ECLI:NL:GHARL:2016:5045

Gerechtshof Arnhem-Leeuwarden

Datum uitspraak
21 juni 2016
Publicatiedatum
21 juni 2016
Zaaknummer
200.163.273/01
Instantie
Gerechtshof Arnhem-Leeuwarden
Type
Uitspraak
Rechtsgebied
Civiel recht
Procedures
  • Hoger beroep
Vindplaatsen
  • Rechtspraak.nl
AI samenvatting door LexboostAutomatisch gegenereerd

Persoonlijke garantstelling door bestuurder van vennootschap en de vereiste toestemming van echtgenote

In deze zaak gaat het om een persoonlijke garantstelling door de bestuurder van een besloten vennootschap, tevens groot aandeelhouder, voor een bestaande schuld van die vennootschap aan een leverancier. De echtgenote van de bestuurder heeft zich beroepen op het ontbreken van haar toestemming voor deze garantstelling, zoals vereist volgens artikel 1:88 lid 1 aanhef en sub c van het Burgerlijk Wetboek. Het Gerechtshof Arnhem-Leeuwarden heeft op 21 juni 2016 geoordeeld dat de garantstelling niet was verstrekt ten behoeve van de normale uitoefening van het bedrijf van de vennootschap, en dat de uitzondering van lid 5 van artikel 1:88 BW niet van toepassing was. De rechtbank had eerder de vordering van de leverancier afgewezen, en het hof heeft deze beslissing bekrachtigd. Het hof concludeert dat de toestemming van de echtgenote vereist was, omdat de rechtshandeling waarvoor de zekerheid werd verstrekt niet tot de normale bedrijfsuitoefening behoort. De zaak is van belang voor de uitleg van de vereisten rondom garantstellingen en de bescherming van de gezinsleden in het ondernemingsrecht.

Uitspraak

GERECHTSHOF ARNHEM-LEEUWARDEN
locatie Leeuwarden
afdeling civiel recht, handel
zaaknummer gerechtshof 200.163.273/01
(zaaknummer rechtbank Noord-Nederland C/18/147222 / HA ZA 14-88)
arrest van 21 juni 2016
in de zaak van
[appellante] IJzerhandel B.V.,
gevestigd te [A] ,
appellante,
in eerste aanleg: eiseres,
hierna:
[appellante] BV,
advocaat: mr.
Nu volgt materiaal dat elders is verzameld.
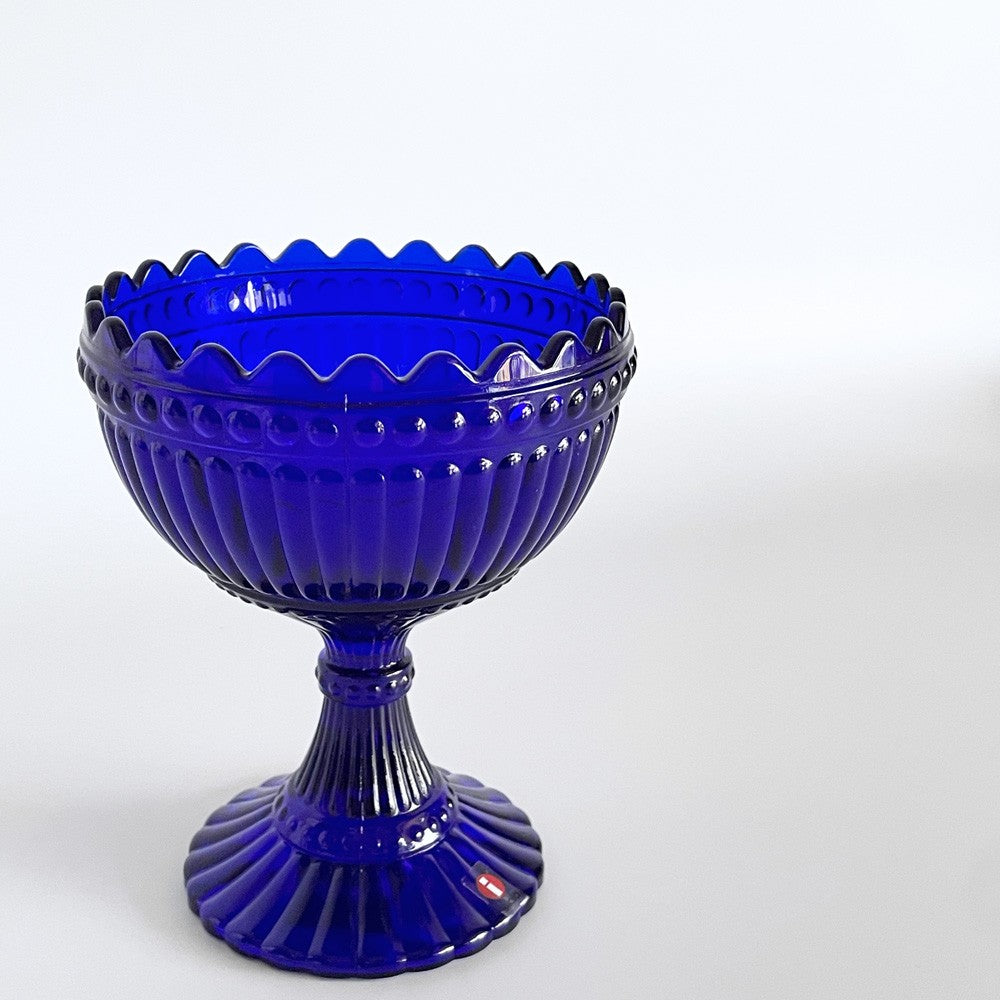 【自由が丘店】イッタラ iittala マリメッコ marimekko マリスコーリ Mariskooli マリボウル ターコイズブルー Lサイズ H15cm 北欧食器 箱付 買取させていただきました。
A.A. Vogelsang, kantoorhoudend te Meppel,
tegen
[geïntimeerde],
wonende te [A] ,
geïntimeerde,
in eerste aanleg: gedaagde,
hierna:
[geïntimeerde],
advocaat: mr. H. Versluis, kantoorhoudend te Almelo.

1.Het geding in eerste aanleg

In eerste aanleg is geprocedeerd en beslist zoals weergegeven in het vonnis van 21 mei 2014 en 3 december 2014 van de rechtbank Noord-Nederland, afdeling Privaatrecht, zittingsplaats Groningen.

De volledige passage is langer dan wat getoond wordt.